Given data START
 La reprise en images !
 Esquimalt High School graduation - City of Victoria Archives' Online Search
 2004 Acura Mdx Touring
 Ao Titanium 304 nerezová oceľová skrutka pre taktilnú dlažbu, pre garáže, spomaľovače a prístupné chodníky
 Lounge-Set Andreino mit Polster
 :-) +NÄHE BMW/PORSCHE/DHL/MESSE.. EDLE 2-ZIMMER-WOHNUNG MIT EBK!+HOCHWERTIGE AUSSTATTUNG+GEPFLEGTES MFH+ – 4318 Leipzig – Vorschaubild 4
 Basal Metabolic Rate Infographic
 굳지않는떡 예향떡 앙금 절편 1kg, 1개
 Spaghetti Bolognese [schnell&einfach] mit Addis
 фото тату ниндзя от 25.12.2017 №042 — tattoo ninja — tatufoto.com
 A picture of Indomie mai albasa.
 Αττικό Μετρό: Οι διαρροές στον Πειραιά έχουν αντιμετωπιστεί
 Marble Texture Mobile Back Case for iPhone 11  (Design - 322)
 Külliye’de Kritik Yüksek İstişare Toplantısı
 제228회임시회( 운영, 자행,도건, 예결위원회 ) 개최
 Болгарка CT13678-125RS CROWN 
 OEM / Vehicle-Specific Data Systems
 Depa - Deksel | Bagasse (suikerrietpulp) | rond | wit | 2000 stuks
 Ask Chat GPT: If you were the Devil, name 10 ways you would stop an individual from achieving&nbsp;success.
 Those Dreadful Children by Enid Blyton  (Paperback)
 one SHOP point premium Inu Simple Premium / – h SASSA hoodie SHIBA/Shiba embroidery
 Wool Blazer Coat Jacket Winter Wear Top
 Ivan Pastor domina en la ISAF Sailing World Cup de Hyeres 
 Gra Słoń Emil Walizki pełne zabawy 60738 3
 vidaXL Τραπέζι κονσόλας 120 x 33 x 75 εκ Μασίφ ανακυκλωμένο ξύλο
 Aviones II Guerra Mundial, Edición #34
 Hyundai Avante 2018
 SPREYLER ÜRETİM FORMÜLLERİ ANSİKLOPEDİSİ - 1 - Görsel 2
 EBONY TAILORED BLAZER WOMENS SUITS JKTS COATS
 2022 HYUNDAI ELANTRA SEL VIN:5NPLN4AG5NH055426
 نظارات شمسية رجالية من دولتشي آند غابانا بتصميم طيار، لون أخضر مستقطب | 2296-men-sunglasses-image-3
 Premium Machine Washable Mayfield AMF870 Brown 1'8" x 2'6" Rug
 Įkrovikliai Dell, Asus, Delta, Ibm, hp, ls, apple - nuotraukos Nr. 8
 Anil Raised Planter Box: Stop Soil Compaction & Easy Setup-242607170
Given data END
What you need to do:
The response should hold exactly the lines starting at the line with "A picture of Indomie mai albasa." and ending at the line with "Those Dreadful Children", and no other line of the material above.

Your solution:
 A picture of Indomie mai albasa.
 Αττικό Μετρό: Οι διαρροές στον Πειραιά έχουν αντιμετωπιστεί
 Marble Texture Mobile Back Case for iPhone 11  (Design - 322)
 Külliye’de Kritik Yüksek İstişare Toplantısı
 제228회임시회( 운영, 자행,도건, 예결위원회 ) 개최
 Болгарка CT13678-125RS CROWN 
 OEM / Vehicle-Specific Data Systems
 Depa - Deksel | Bagasse (suikerrietpulp) | rond | wit | 2000 stuks
 Ask Chat GPT: If you were the Devil, name 10 ways you would stop an individual from achieving&nbsp;success.
 Those Dreadful Children by Enid Blyton  (Paperback)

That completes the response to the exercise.